I think Kennedy was President then, or perhaps Eisenhower.

That is very cool. I applaud you.

Not always the phone company. In my state, about 20 years ago, the phone companies tried to have the surcharge for touch tone removed but needed PUC approval for it. The PUC turned them down, since effectively the “cost” of providing touch tone service would be shared with rotary customers. Never mind that it’s the rotary service that is more costly …

Meanwhile, on the real estate front, people are speculating that AT&T is going to have about $100 billion dollars of prime real estate to sell off as the newer switching equipment takes up far less space than the old stuff.

Remember the old films of stacks of clicking relays that used to handle rotary calls? Then there was the electronic switch banks. And now even those are dinosaurs. But the latest stuff still handles rotary phones.

In some places, the phone companies tried to get approval to give rotary customers touch tone phones so they could finally stop supporting them. I don’t think any PUC approved that.
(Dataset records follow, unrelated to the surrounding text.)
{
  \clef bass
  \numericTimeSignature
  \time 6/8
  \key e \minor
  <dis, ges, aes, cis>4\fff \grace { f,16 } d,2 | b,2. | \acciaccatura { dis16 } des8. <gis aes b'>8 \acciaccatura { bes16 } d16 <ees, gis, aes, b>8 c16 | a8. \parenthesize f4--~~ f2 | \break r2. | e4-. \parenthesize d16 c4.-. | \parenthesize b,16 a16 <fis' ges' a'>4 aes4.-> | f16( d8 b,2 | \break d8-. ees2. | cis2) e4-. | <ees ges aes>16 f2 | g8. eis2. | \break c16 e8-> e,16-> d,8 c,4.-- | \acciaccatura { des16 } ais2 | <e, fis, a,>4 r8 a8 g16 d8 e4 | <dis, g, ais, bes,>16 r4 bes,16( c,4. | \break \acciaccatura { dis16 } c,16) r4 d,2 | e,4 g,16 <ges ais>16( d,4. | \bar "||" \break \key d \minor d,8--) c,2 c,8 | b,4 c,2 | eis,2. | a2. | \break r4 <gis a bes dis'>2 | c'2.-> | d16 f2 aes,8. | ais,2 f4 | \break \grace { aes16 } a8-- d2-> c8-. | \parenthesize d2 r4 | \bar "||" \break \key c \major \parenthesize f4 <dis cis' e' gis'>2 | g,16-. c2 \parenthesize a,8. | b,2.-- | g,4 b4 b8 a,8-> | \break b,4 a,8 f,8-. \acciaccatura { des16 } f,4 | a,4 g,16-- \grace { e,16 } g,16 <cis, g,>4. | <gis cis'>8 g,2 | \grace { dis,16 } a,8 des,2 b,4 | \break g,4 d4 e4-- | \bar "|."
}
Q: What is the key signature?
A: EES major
Took the mouthpiece apart, the black disc is in there. I’ve cleaned the contacts, still no worky. I have to find another handset cord to try out.

Somebody else suggested I take the mic out and tap it on a table all around to loosen the carbon, which I will do tomorrow. Try that with an iPhone!

You think that rotaries are gone forever? Hah! Just check out this cell phone, for the more elderly consumer.